*GIVEN ENTRIES*:
::::::

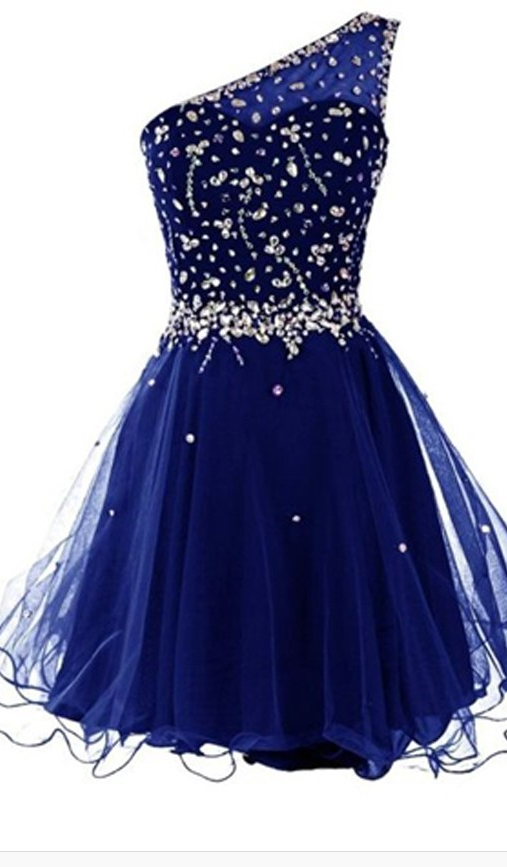 Royal Blue Homecoming Dresses Zipper-up Sleeveless Organza Rhinestone Mini One Sleeve A Line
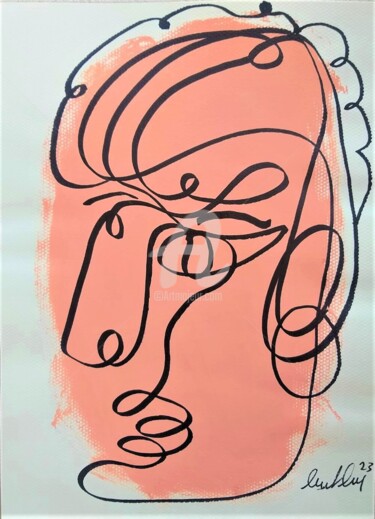 Malerei mit dem Titel "Abstract Faces Seri…" von Murat Rey, Original-Kunstwerk, Acryl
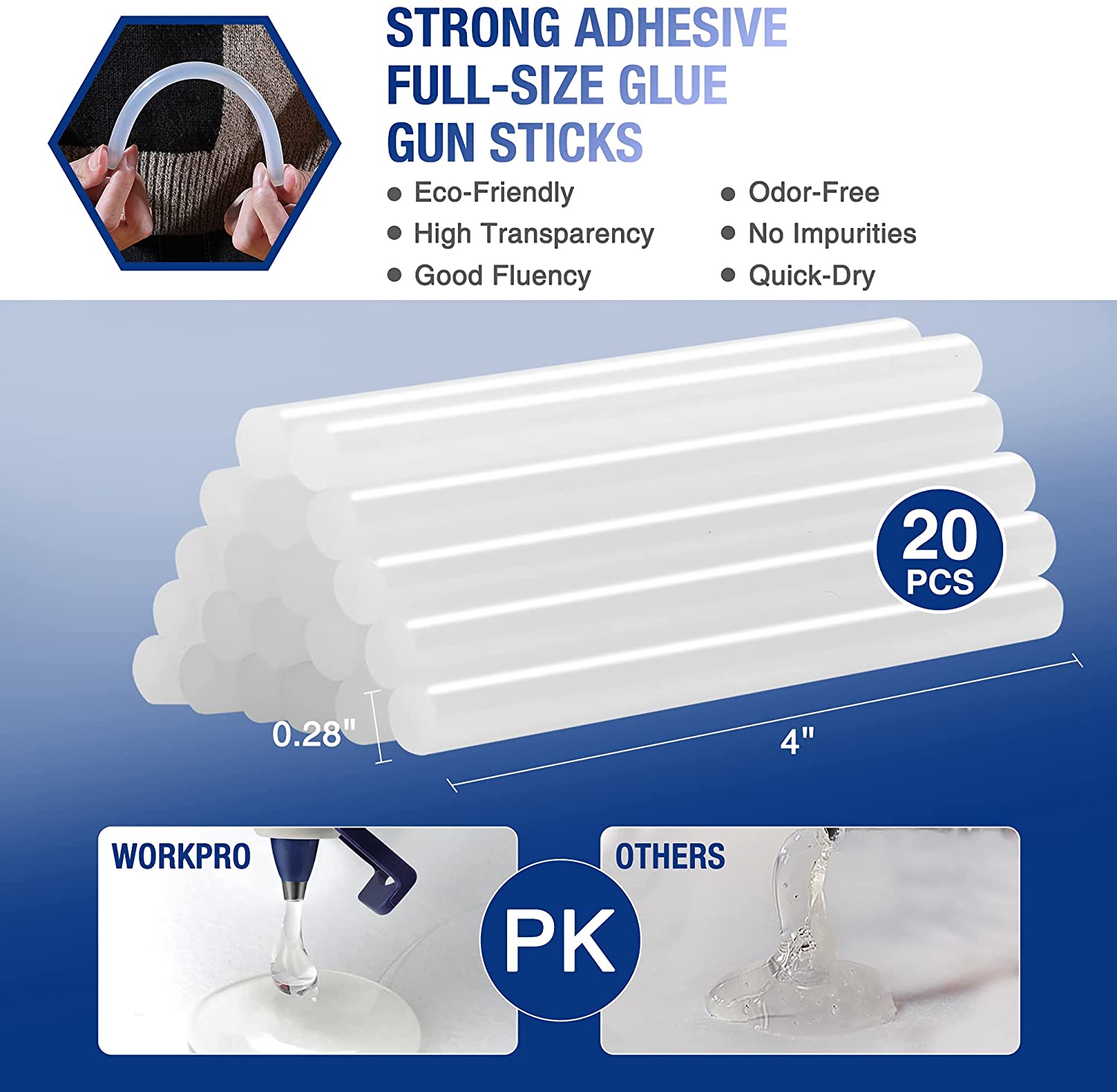 Set of white hot glue sticks with 20 pieces for mini hot glue gun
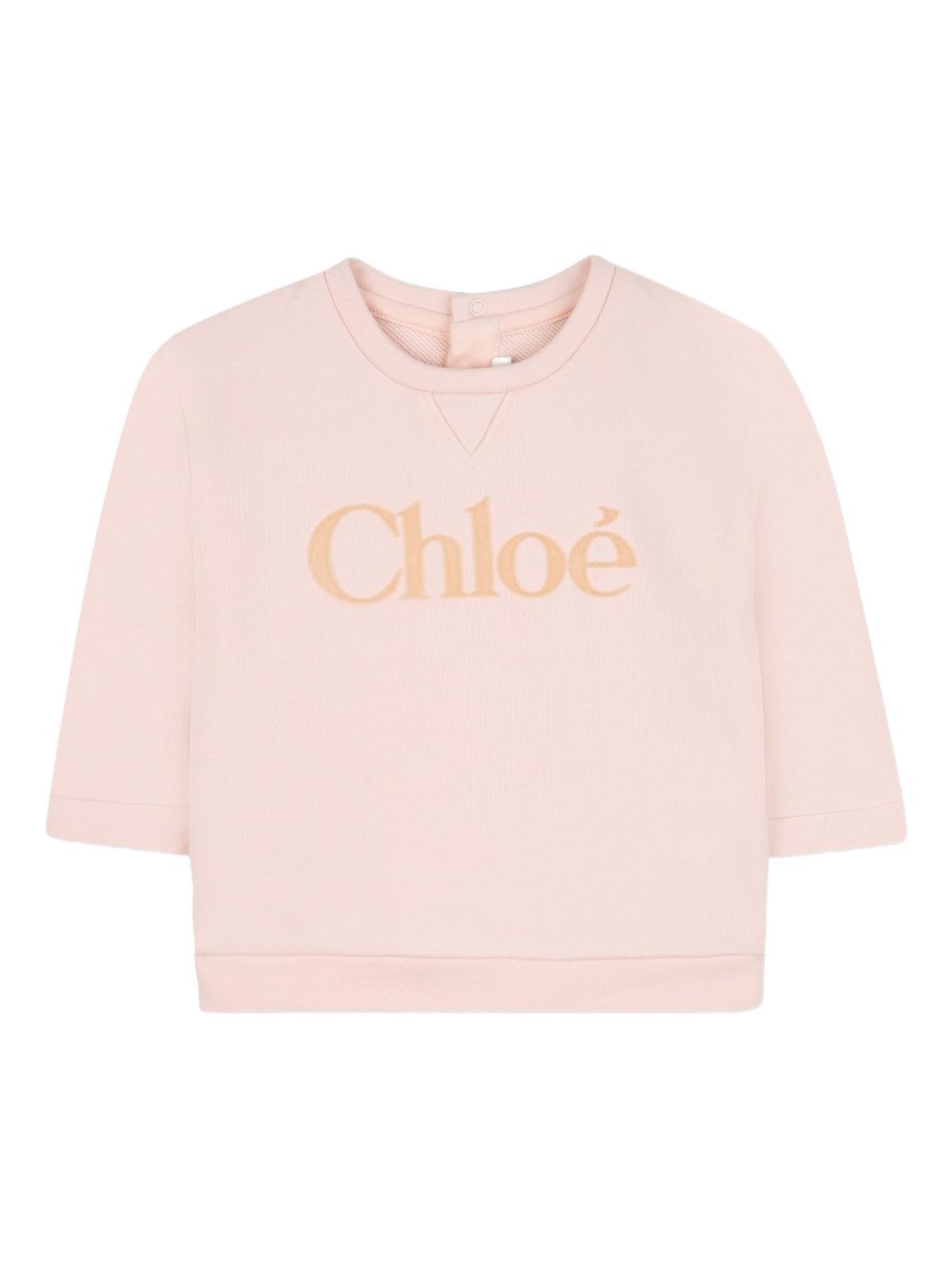 T-shirt con logo per neonata Chloé Kids rosa a maniche 3/4 C20702 46J CHLOE' KIDS 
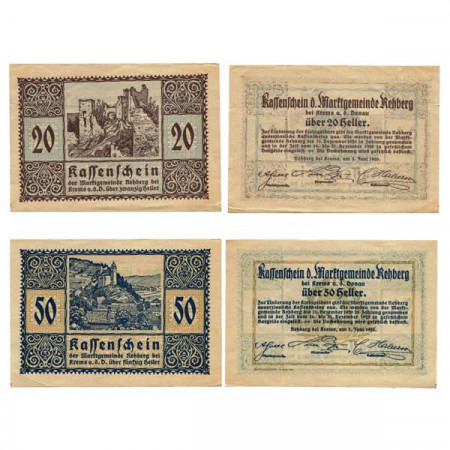 1920 * Set 2 Notgeld Austria 20 . 50 Heller "Alta Austria – Rehberg" (KK 826)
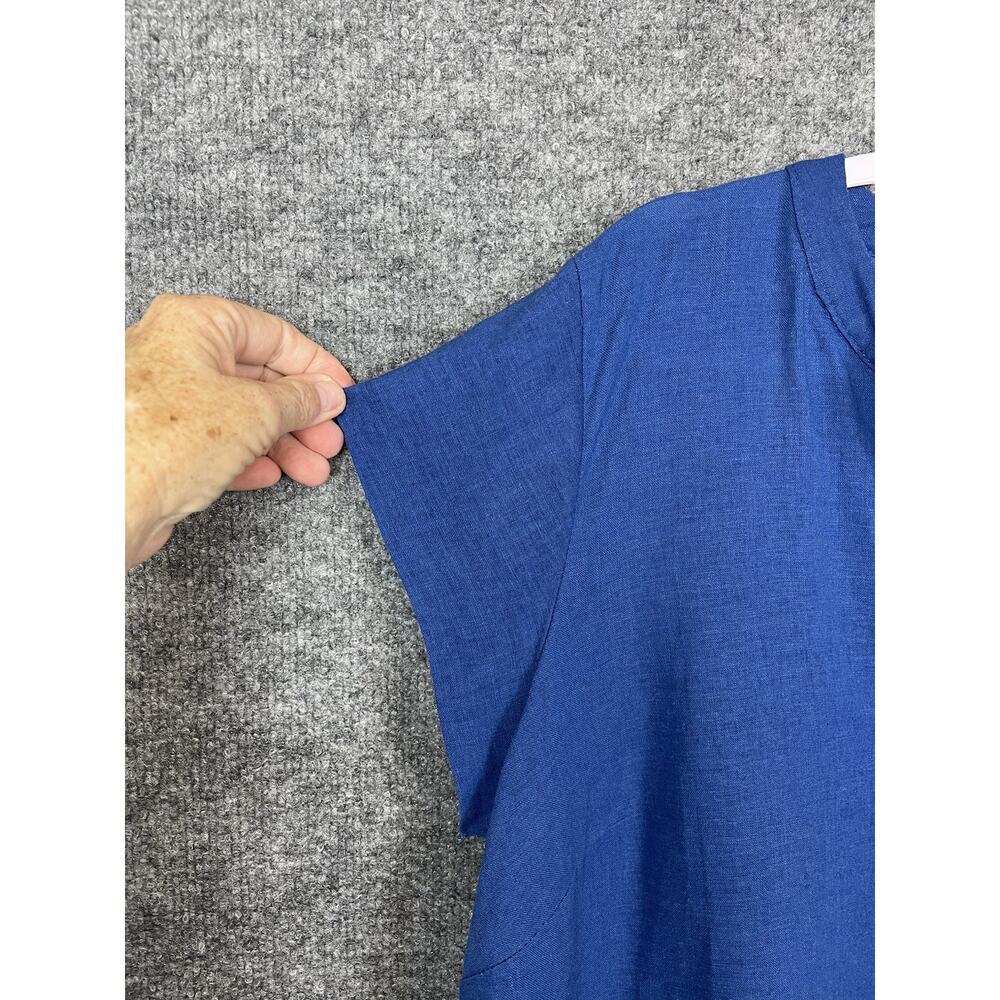 Mercer & Madison Linen/Rayon Shirt Short Sleeve V-Neck Blue Size 1X - Picture 6 of 8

::::::

*WORK TO COMPLETE*: Where the line holding "T-shirt con logo" appears, start copying, and continue exactly through the last line of the listing, both ends included, skipping the pictures.

*ANSWER TO THE EXERCISE*:
 T-shirt con logo per neonata Chloé Kids rosa a maniche 3/4 C20702 46J CHLOE' KIDS 
 1920 * Set 2 Notgeld Austria 20 . 50 Heller "Alta Austria – Rehberg" (KK 826)
 Mercer & Madison Linen/Rayon Shirt Short Sleeve V-Neck Blue Size 1X - Picture 6 of 8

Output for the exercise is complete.